Hi Tony,

Well I did not mean to fit the spec to LCD implementation. Only help the
implementers not to forget about those ...

To your pessimism on disabling per mp-tlv flooding - I think it is obvious
that operator will not disable it unless he is perfectly sure that what
needs to be advertised in say TLV 22 sub-TLV 8 & 10 will fit 255 octets.
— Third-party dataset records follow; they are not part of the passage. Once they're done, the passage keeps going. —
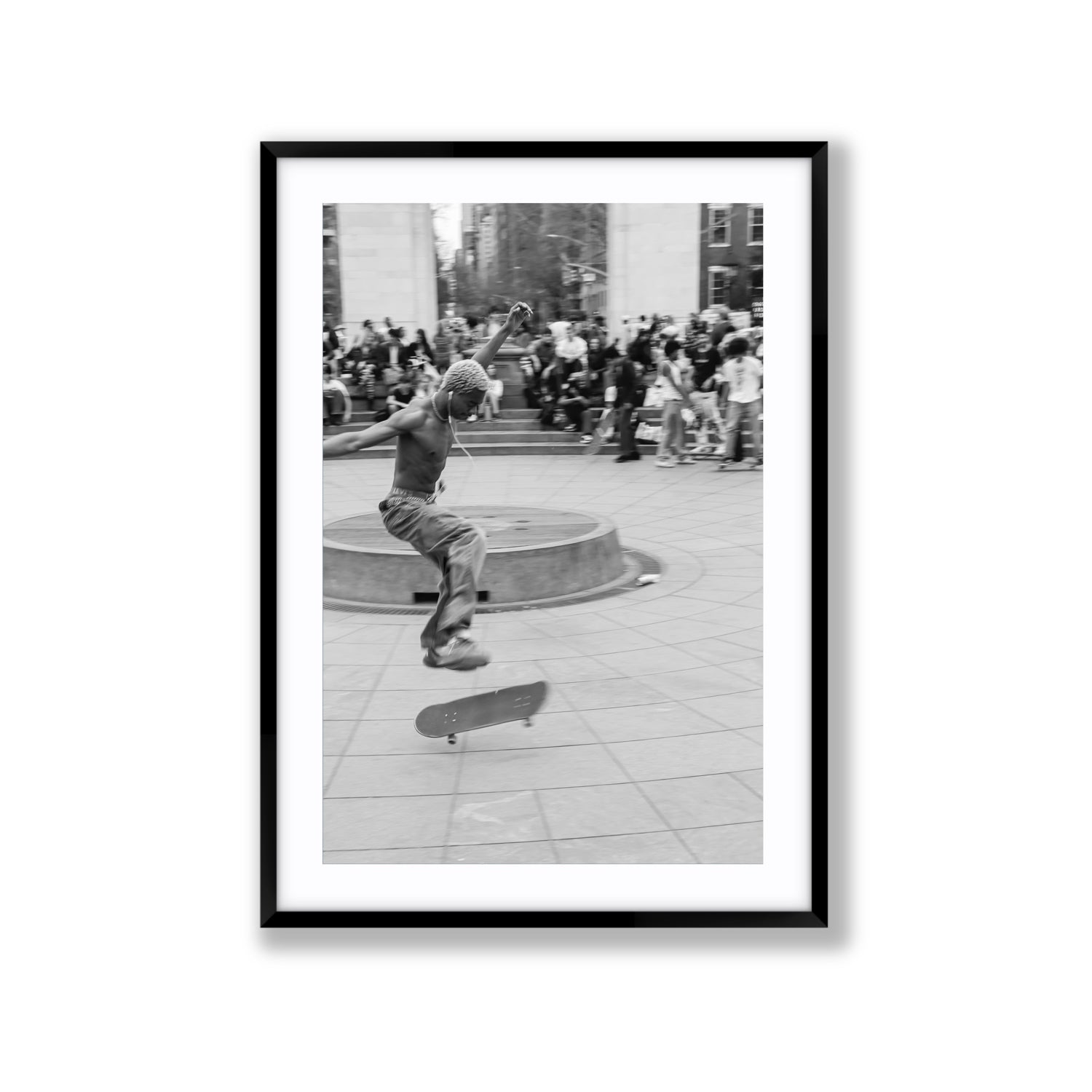 Airborne Rhythms New York NYC Black & White wall art Extra Large fine art print in black frame with matboard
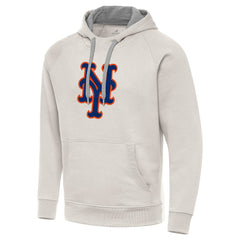 Cream New York Mets Antigua Victory Pullover Hoodie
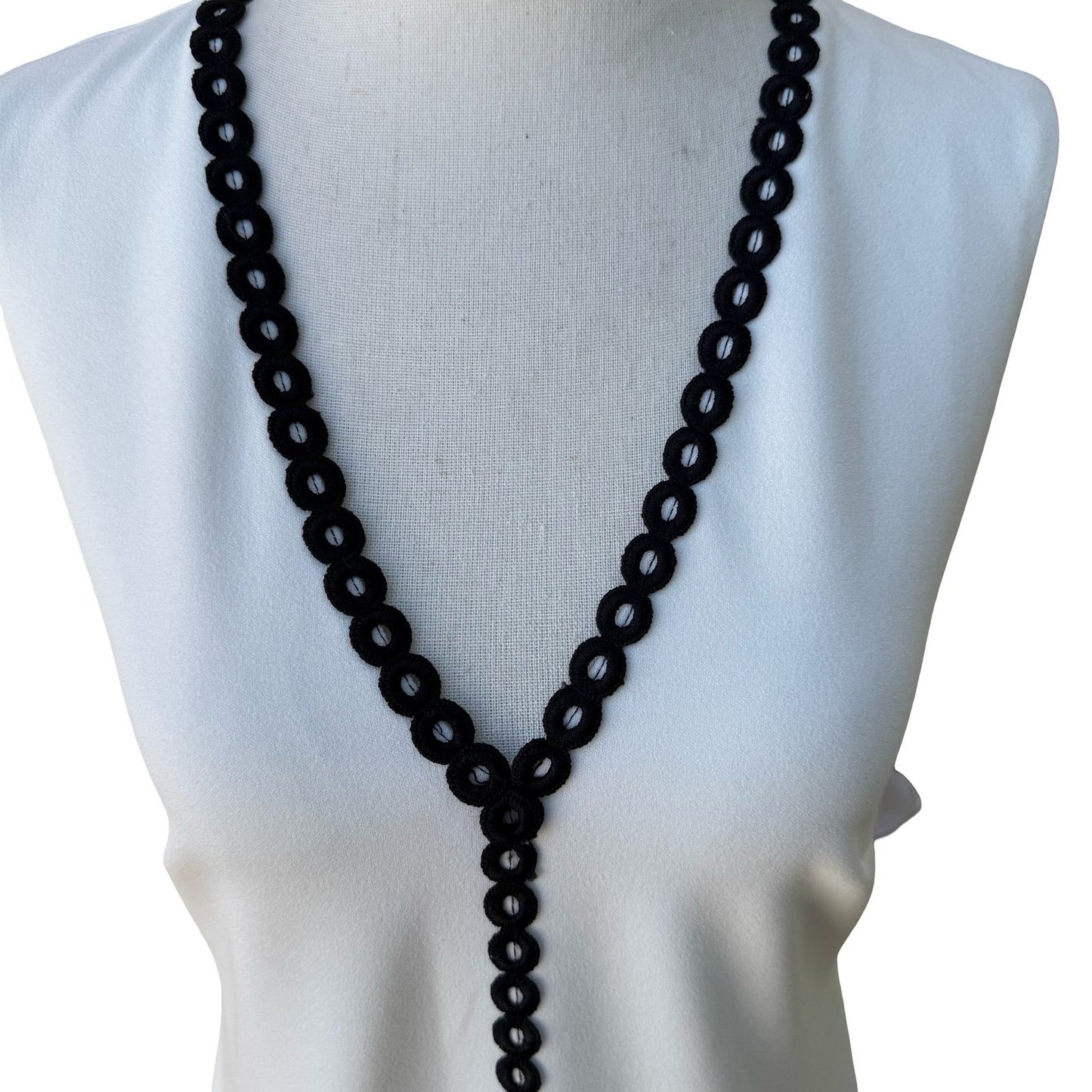 Calvin Klein Mod Minimalist Feminine Sleeveless Midi Dress Black Crochet Trim 4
That is the only reason/scenario I believe such knob makes sense to be used
under.

Anyway I think we are all clear now on the mutual perspectives.

Thx,
R.


On Mon, Sep 9, 2024 at 11:18 PM Tony Przygienda <[email protected]> wrote:

> Robert, sigh, the specs, especially on ISIS cannot be written to the
> lowest common denominator implementation out there.
>
> And otherwise  I can only TonyL last email +1 and refer to 1925 #4 while
> outlining mildy the reality of things.
>
> the whole "disable per mp-tlv" is valid and yang/vendor knob territory
> though frankly speaking I doubt it's of as much value as folks here think.
> Running out of TLV space and just getting an "alarm" that 255 got blown and
> flooding of further info is suppressed may lead to good amount of  topology
> going of a sudden to hell in a handbasket in the middle of a night (and we
> are already dancing on this edge in practical deployments with limits 255 *
> 255 sometimes more often than I would like frankly ) so I assume to avoid
> that risk the deployments will basically "switch mp-tlv on" and let warn on
> 255 blowout when mp-tlvs are generated and flooded. And yes, the folks
> deploying it will come down hard on those evil, evil vendors to pack
> decently so it's not non-chalanty done for fun and this is BTW already the
> case today due to other reasons and that's another good reason for the
> SHOULD.
>
> -- tony
>
> On Mon, Sep 9, 2024 at 11:04 PM Robert Raszuk <[email protected]> wrote:
>
>> Hi Tony,
>>
>>> The section 5 says:
>>>
>>>    Although MP-TLVs SHOULD NOT be sent unless the
>>>    capacity of a single TLV (255 octets) is exceeded, receivers MUST NOT
>>>    reject MP-TLVs if senders do not strictly adhere to this constraint.
>>>    See Section 7.3 for guidance when sending MP-TLVs.
>>>
>>> If you replace "SHOULD NOT" above with "MUST NOT" perhaps the request
>>> for MUST to be able to disable MP-TLV (on a per TLV basis) would make a bit
>>> of a weaker case.
>>>
>>>
>>> Do you agree that receivers MUST NOT reject MP-TLVs if the senders do
>>> not strictly adhere to maximum packing?  If you do agree, then why does it
>>> matter?  There may be good reasons for not doing maximum packing, such as
>>> optimal LSP packing.  A little lattitude here would be a good thing.
>>>
>>> Again, Postel’s law.
>>>
>>
>> Indeed - receivers should accept and process chunks of data from multiple
>> TLVs. No question.
>>
>> But the case I am worried about is introduction of a new vendor to the
>> network (may be to the cluster) where there is no support for some new
>> MP-TLVs. If I know I never need to flood more then 250 octets I may be safe
>> to peer it with Junos or Cisco TORs or Spines.
>>
>> But if those two can inject something into MP-TLVs just because it is
>> convenient for them and I have no knob to stop them to do that I am locked
>> to two vendors :)
>>
>> Cool for the vendors ... less cool for the operator.
>>
>> Cheers,
>> R.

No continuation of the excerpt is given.